Regalo de Dios Padre

Mensaje del Ángel para Valentina Papagna en Sídney, Australia el 9 de agosto de 2026

El Ángel vino esta mañana y me llevó al Purgatorio para ayudar a las Almas Santas. Cuando salimos de allí, el Ángel y yo subimos una colina y nos encontramos con un pequeño poste blanco. Nos sentamos en el suelo, y con nosotros había algunas damas santas.

El Ángel dijo: “Valentina, mira hacia arriba”.

Miré hacia arriba y vi el Cielo abrirse. Observé cómo se preparaban las cosas y luego bajaron.

El Ángel dijo: “Extiende tu mano”.

Al extender mi mano, vi descender un gran paquete blanco con una cruz azul en la parte superior.

El Ángel dijo: “Dios Padre te ha enviado un paquete”. Pensé que tal vez Dios Padre me estaba enviando algo para mi pierna, porque le había estado preguntando cuándo la sanaría.

El paquete muy grande aterrizó en mi mano extendida. Era muy ligero y estaba envuelto en un suave papel blanco. Lo puse en el suelo y pensé: Oh, la cruz azul es el color de la Santísima Madre. La Cruz azul era bastante ancha con bordes dorados.

No lo abrí de inmediato. Todas me preguntaban: “¿No vas a abrirlo para ver qué es?”.

Finalmente, abrí el paquete y encontré una pequeña botella marrón cuadrada con algo adentro. Dejé el envoltorio y me llevé la botella conmigo.

Me preguntaron: “¿Qué hay dentro?”.

Cuando abrí la botella y miré dentro, ¡vi cereales de arroz con leche!

Todos nos reímos. Dios Padre me había gastado una pequeña broma.

Dije: “Eso tendría sentido”.

«Pero eso es del Cielo, así que es muy precioso. Dios Padre te gastó una bromita para animarte», dijeron.
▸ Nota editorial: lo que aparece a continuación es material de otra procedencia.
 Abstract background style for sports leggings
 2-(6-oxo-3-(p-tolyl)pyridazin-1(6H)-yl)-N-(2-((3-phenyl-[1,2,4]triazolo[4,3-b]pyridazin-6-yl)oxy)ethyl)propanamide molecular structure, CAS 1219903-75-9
Luego continué caminando con el Ángel. Al doblar una esquina, de repente nos encontramos con dos personas gigantes, un hombre y una mujer de tez clara, vestidos con largas túnicas blancas con cubiertas de color beige. Medían más de dos metros. Parado junto a ellos, me sentí muy pequeño y me asusté. Me miraron pero no dijeron nada, y pasaron caminando de la mano. Cuando me di la vuelta, vi que ambos tenían un hermoso cabello largo, rubio ceniza y brillante.

«Son tan altos», le dije al Ángel.

El Ángel explicó: «Valentina, ¿sabías que en la prehistoria había gente gigante viviendo en la Tierra hace muchísimo tiempo? Algunos eran buenos y otros no. Después de muchos siglos, las personas se hicieron más pequeñas».